What is required: Omit the pictures. Transcribe exactly the lines below, from the one with "Foto: Bahnhof mit" up to and including the last.

Data below:
──────────────────────────────
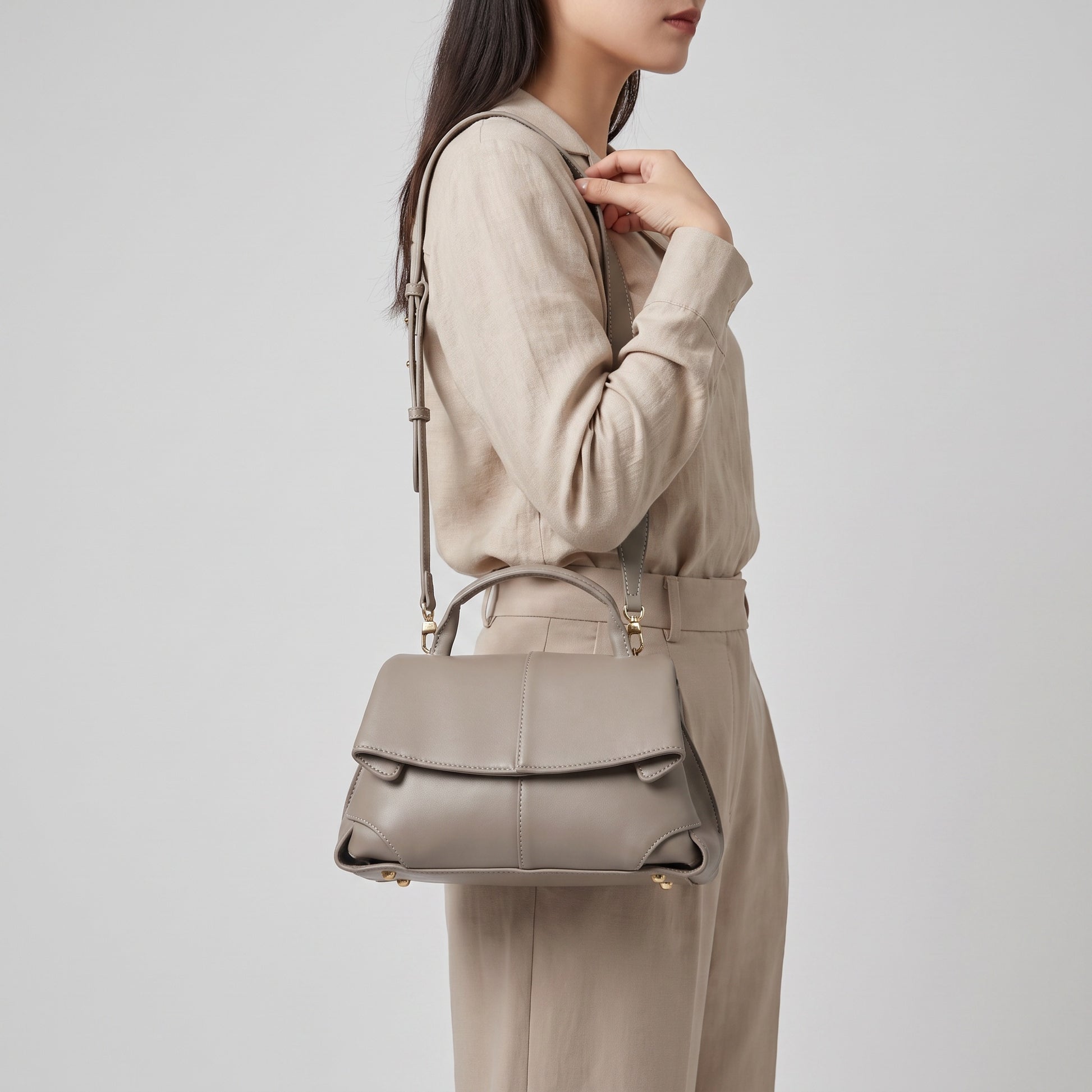 Model holding the Taupe Fiorella mini leather baguette by the handle, studio shot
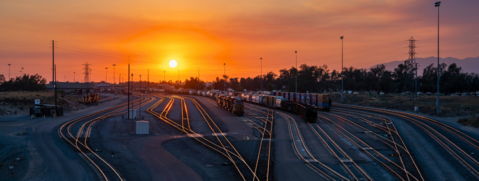 Foto: Bahnhof mit Locks und Waggons und im Vordergrund ein Schienennetz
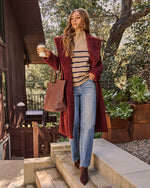 A woman stands on outdoor stone steps in front of a wooden house, wearing a long burgundy fuzzy coat over a beige and navy striped sweater, blue jeans, and brown ankle boots. She holds a coffee cup and a brown woven tote bag.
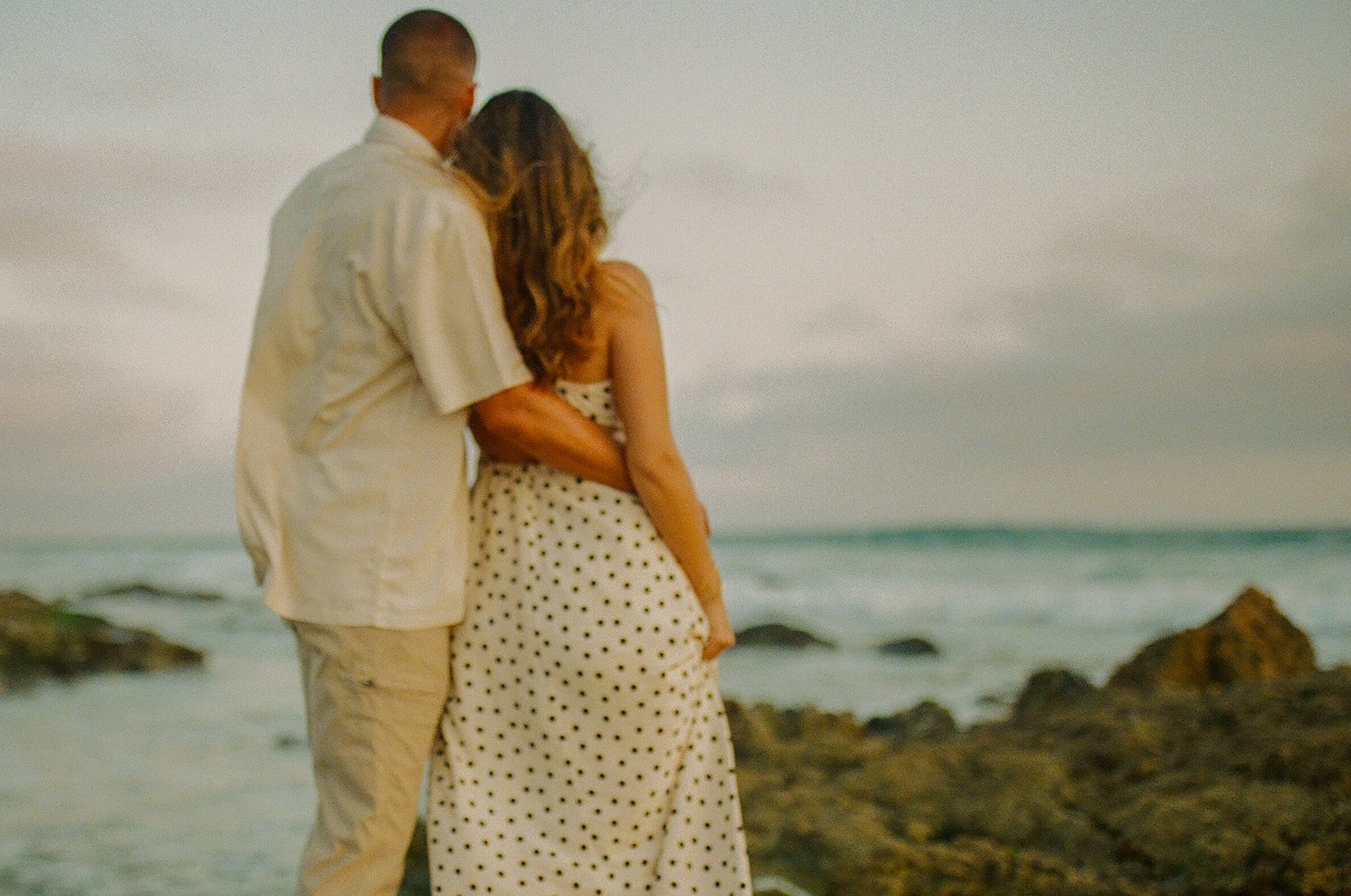 A couple looking out at the ocean in outfits that are perfect for what to wear for engagement photos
──────────────────────────────
Task answer:
 Foto: Bahnhof mit Locks und Waggons und im Vordergrund ein Schienennetz
 A woman stands on outdoor stone steps in front of a wooden house, wearing a long burgundy fuzzy coat over a beige and navy striped sweater, blue jeans, and brown ankle boots. She holds a coffee cup and a brown woven tote bag.
 A couple looking out at the ocean in outfits that are perfect for what to wear for engagement photos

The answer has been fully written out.